Information supplied:
↓↓↓
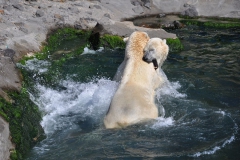 hannover_zoo_2015_289_20150715_1701802973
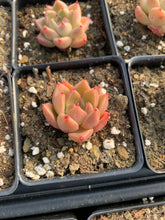 Load image into Gallery viewer, Echeveria Quartz (mini succulent single head) - April Farm/Rare Succulents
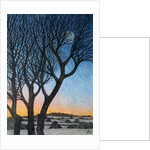 Trees and Moon, 2015 by Ann Brain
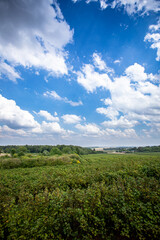 Expansive, lush green fields stretch out under a beautifully bright blue sky above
↑↑↑
Work order: The required output is every line from the one containing "Load image into" through the last line of the data above, restated exactly and without pictures.

Response to the exercise:
 Load image into Gallery viewer, Echeveria Quartz (mini succulent single head) - April Farm/Rare Succulents
 Trees and Moon, 2015 by Ann Brain
 Expansive, lush green fields stretch out under a beautifully bright blue sky above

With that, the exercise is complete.